事業権:国家に属する農地を貸借して開発する権利。期間は最長35年認められ、更新も可能。

建設権:土地の上に建物を建設・保有する権利。期間は通常25~30年、必要な場合は地方政府に申請して更新できる。
利用権:国家ないし個人に属する土地を一定の期間、開発、利用する権利。期間は最長25年、さらに更新が認められる。

2. 地域の指定、土地の指定、土地使用権の承認、建設許可の発給、公害関係法規に基づく許可は、各州投資調整局(BKPMD)でも行われる。
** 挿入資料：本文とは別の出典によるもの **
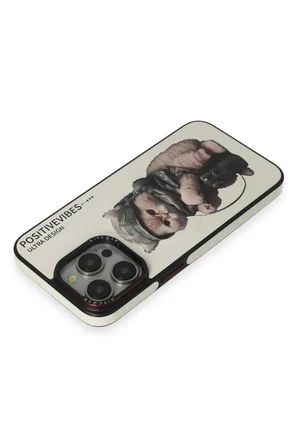 iPhone 14 Pro Fun Magsafe Kapak - Beyaz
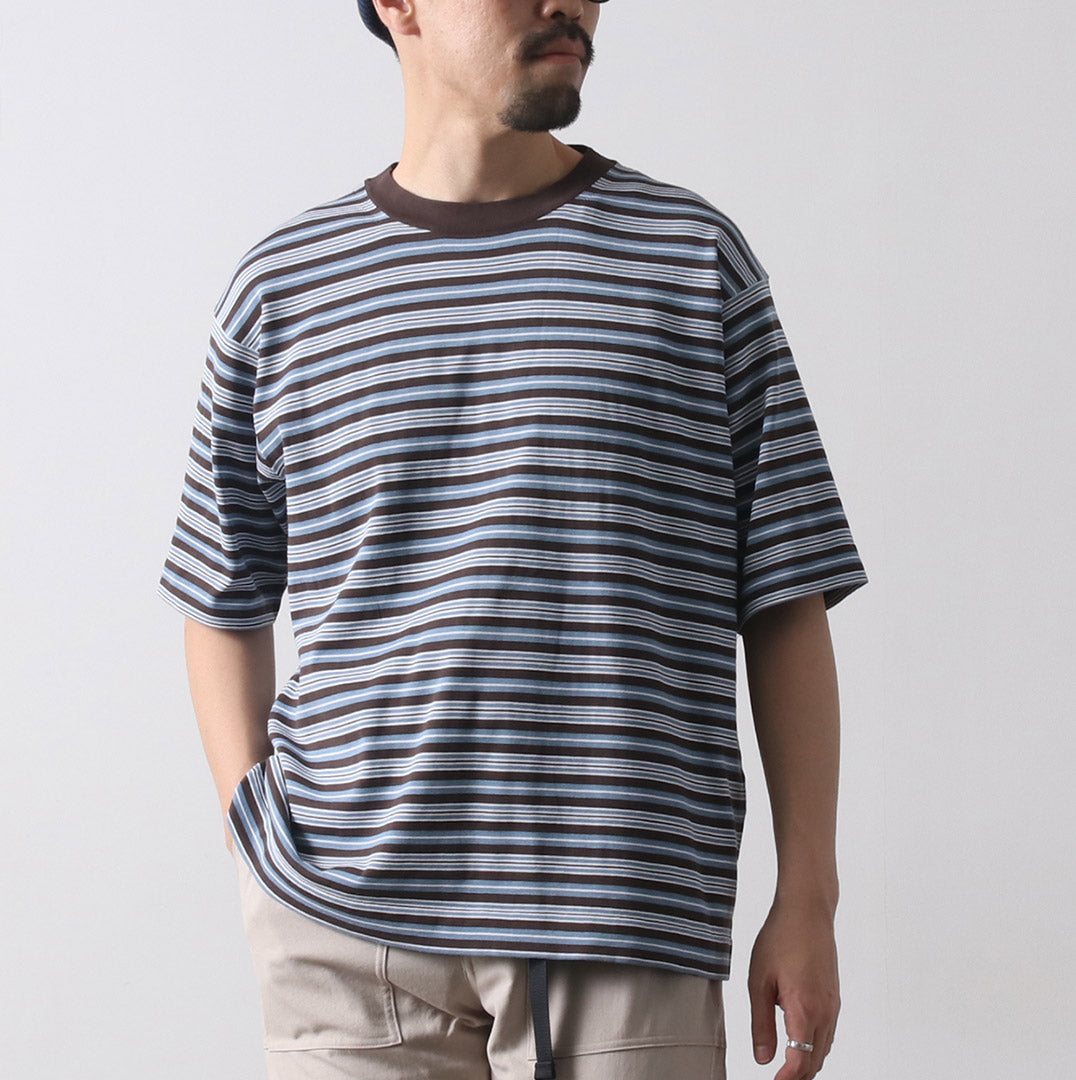 RYE TENDER / Centre Tee Stripe T-Shirt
3. 自由貿易地域など保税が認められた地域に立地する企業は、当該管理庁または管理会社を通じて土地の利用に関する手続きを行う。

4. 1996年6月17日付政令第41号により、インドネシアに居住する外国人に居住用住宅の保有が認められることとなった。ただし、利用権が付された土地に限られ、保有期間は最長25年で、引き続きインドネシアに居住する限りさらに25年の延長が可能。なお、インドネシアでの居住を中止する場合、1年以内に権利譲渡しなければならない。

(注)各州投資調整局(BKPMD)の連絡先は投資調整庁(BKPM)のウェブサイト(www.bkpm.go.id外部サイトへ、新しいウィンドウで開きます )を参照。

資本金に関する規制

国内投資:会社法(2007年8月制定)に準拠
外国投資:投資許認可の指針と手順に関する投資調整庁長官規程(2013年第5号)に準拠


・国内投資は会社法(2007年8月制定)の規定に従い、[1] 最低授権資本金額は5,000万ルピア、[2] 最低引受資本
金額は1,250万ルピア(授権資本金額の25%)、[3] 最低払込資本金額は1,250万ルピア。

・一方、外国投資については、投資許認可の指針と手順に関する投資調整庁長官規程(2013年第5号)の第22条3項により、製造業・非製造業の区別なく、[1] 土地建物を除く投資額の合計が100億ルピアあるいは米ドル相当額以上、[2] 引受資本金と払込資本金は同額で、25億ルピアあるいは米ドル相当額以上を満たす必要がある。また、各株主の出資金額は、1,000万ルピアあるいは米ドル相当額以上。